Das führt mich zu einer Modifikation meiner Graphiken zur Rekursivität. (Vgl. meinen Post vom 14.04.2012) Dort hatte ich für die kommunikative Absicht keine eigene rekursive Ebene vorgesehen, weil ich sie als Teil des Sinns von Sinn (F) gesehen hatte. Den rekursiven Raum des Sinns von Sinn hatte ich wiederum mit dem sozialen Raum und seinen Strukturen und Prozessen gleichgesetzt. Nun aber scheint es mir sinnvoll zu sein, hier noch einmal zwischen der kommunikativen Absicht und dem sozialen Raum zu differenzieren, in der neuen Graphik visualisiert als (F) und (G).
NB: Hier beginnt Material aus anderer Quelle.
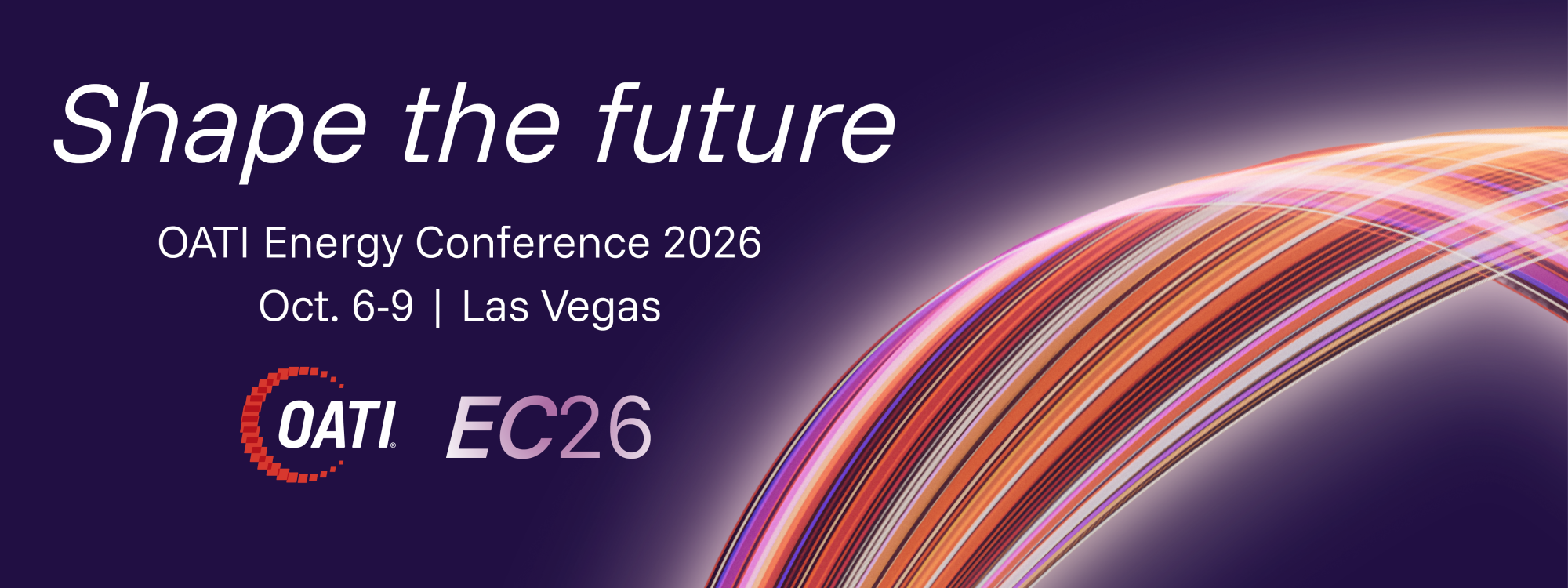 Energy Conference 2026 Event Banner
In dieser Graphik haben wir ein echtes wechselseitiges Ich und Du (die beiden Brennpunkte der Ellipse), eingebettet in den sozialen Raum (Ellipse), vorliegen.

  Die kommunikative Absicht (F) beinhaltet nun die wesentliche, anthropologische Differenz als Humanität. Wen oder was auch immer ich als ‚Du‘ anspreche, ist in diesen rekursiven Raum mit eingeschlossen. Und erst von hier her wird der rekursive Raum sozialer Institutionen möglich. Für diesen inklusiven Aspekt der kommunikativen Absicht, als Ansprache, steht de Waals Weigerung, seine Schimpansen als ‚Männchen‘ und ‚Weibchen‘ zu klassifizieren. So würden wir z.B. auch niemals auf die Idee kommen, eine Maschine anzusprechen. Wenn wir etwa eine Roboterhaushaltshilfe auffordern, uns ein Glas Wasser zu bringen, wären uns ihre ‚Gefühle‘ herzlich egal. (Vgl. meinen Post vom 14.08.2011) Beim Einschalten eines Computers würden wir ja auch nicht davon ausgehen, daß wir hier einen sozialen Akt initiieren. Auch der Roboter funktioniert nur oder er funktioniert eben  nicht. Wenn er uns kein Glas Wasser bringt, weigert er sich nicht, sondern er ist nur defekt.

In der Graphik habe ich das damit zum Ausdruck gebracht, daß beim menschlichen Part in dieser Mensch-Maschine-Interaktion nur dessen Wahrnehmungen (ich sehe den Roboter), seine Bedürfnisse (ich habe Durst) und sein Wissen (dieser Roboter ist eine Haushaltshilfe) aktiv sind, während seine Erinnerungen, Gefühle und kommunikativen Absichten keine Rolle spielen. Statt den Roboter anzusprechen, erteilt er ihm nur einen ‚Befehl‘. Bei dem maschinellen Part der Mensch-Maschine-Interaktion spielt nur die Wahrnehmung in Form einer Sensorik – und natürlich auch die Motorik, denn der Roboter muß mir das Glas Wasser ja bringen – und das Wissen in Form der Programmierung eine Rolle.

Darin unterscheidet sich diese Mensch-Maschine-Interaktion auch von den virtuellen Welten, wie ich sie in der Graphik vom 19.05.2012 dargestellt habe. In die virtuellen Welten von Abenteuerspielen projiziere ich alle meine eigenen rekursiven Bewußtseinsebenen hinein, obwohl ich es nur mit einer Programmierung ohne eigene Sensorik und Motorik zu tun habe. Und obwohl ich es beim Roboter mit einer automatischen Sensorik und Motorik zu tun habe, würde ich hier doch nie auf die Idee kommen, etwas von mir in ihn hinein zu projizieren, – es sei denn ich wäre sein selbstverliebter Konstrukteur oder es handelte sich um einen Haustierersatz (Roboterhund) oder vielleicht um einen Pflegeroboter, die eigens für die Projektion von sozialen Bedürfnissen konstruiert worden sind. Diese Sonderfälle sind aber kein Grund, für die Mensch-Maschine-Interaktion einen eigenen rekursiven Raum zu eröffnen.